Definition:Prism/Base
Definition
The bases of a prism are the two parallel polygons which form the faces at either end of the prism.
In the above diagram, the faces $ABCDE$ and $FGHIJ$ are the bases of the prism.
Lower Base
One of the two bases of a prism is distinguished from the other one, and identified as the lower base.
The prism is then situated so that its lower base appears at the bottom of its depiction in whatever diagram it is used in.
In the above diagram, the face $ABCDE$ would be identified as being the lower base of the prism.
Upper Base
Once the lower base of a prism has been identified, the remaining face can then be referred to as the upper base.
The upper base will then be situated at the top of its depiction in a diagram.
In the above diagram, the face $FGHIJ$ would be identified as being the upper base of the prism.
Also known as
The bases of a prism can be referred to as their end faces or endfaces.
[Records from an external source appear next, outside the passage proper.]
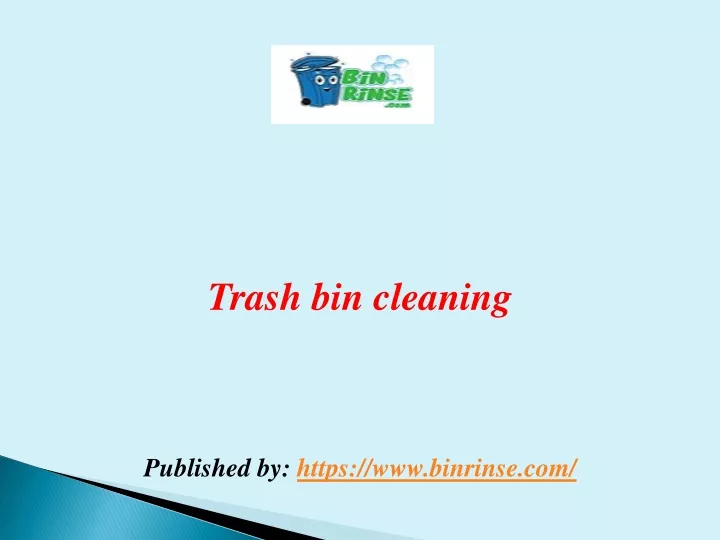 trash bin cleaning published by https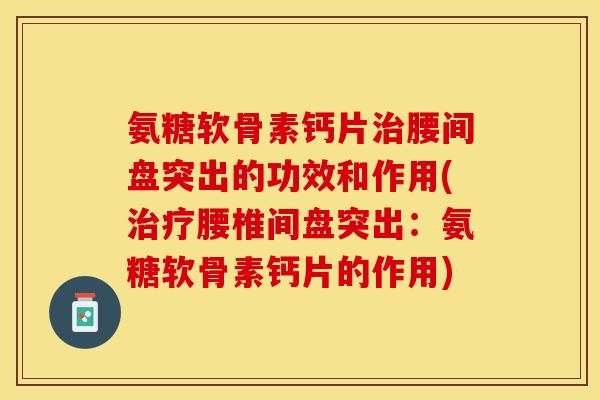 氨糖软骨素钙片治腰间盘突出的功效和作用(治疗腰椎间盘突出：氨糖软骨素钙片的作用)-第1张图片-关节保镖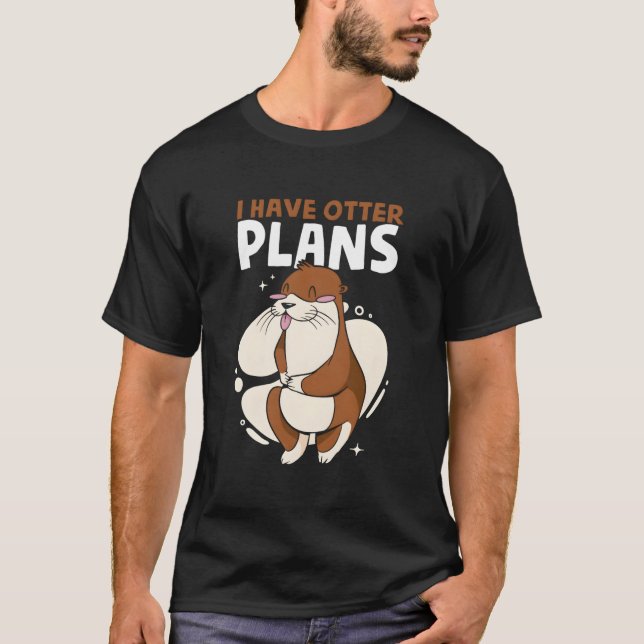 I Have Otter Plans Sea Otter Puns Animal Otter T-Shirt (Front)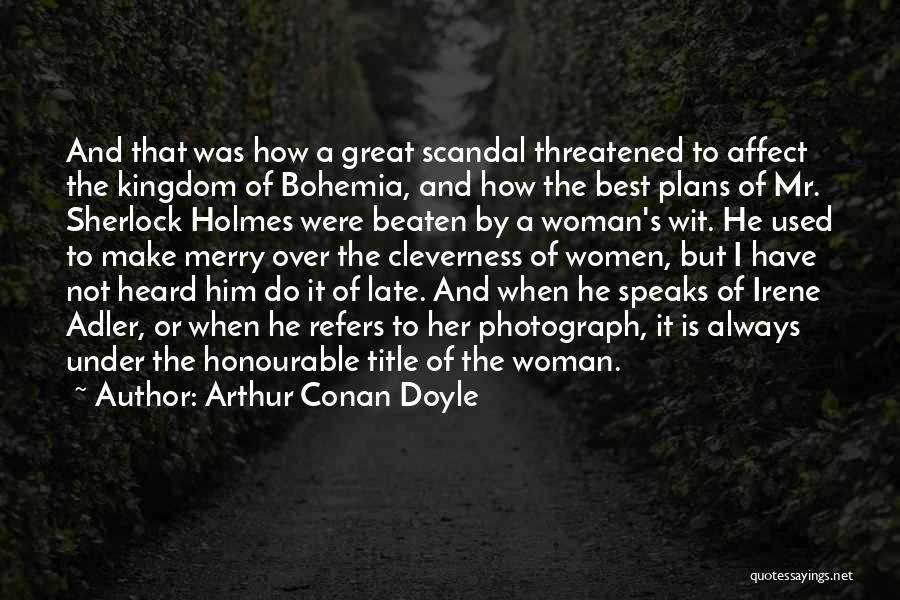 Arthur Conan Doyle Quotes: And That Was How A Great Scandal Threatened To Affect The Kingdom Of Bohemia, And How The Best Plans Of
The term base can suggest that the prism be specifically situated so that one of the end faces is coincident with a plane of reference, which may be misleading.
Also defined as
Although the base of a prism is generally understood to be one of the opposite faces which defines the prism, Euclid was inconsistent in his usage in The Elements.
In his Proposition $39$ of Book $\text{XI} $: Prisms of equal Height with Parallelogram and Triangle as Base, he defines the base of one prism as being one of the opposite parallel faces, but of the other he defines the base as being an arbitrary one of the parallelograms.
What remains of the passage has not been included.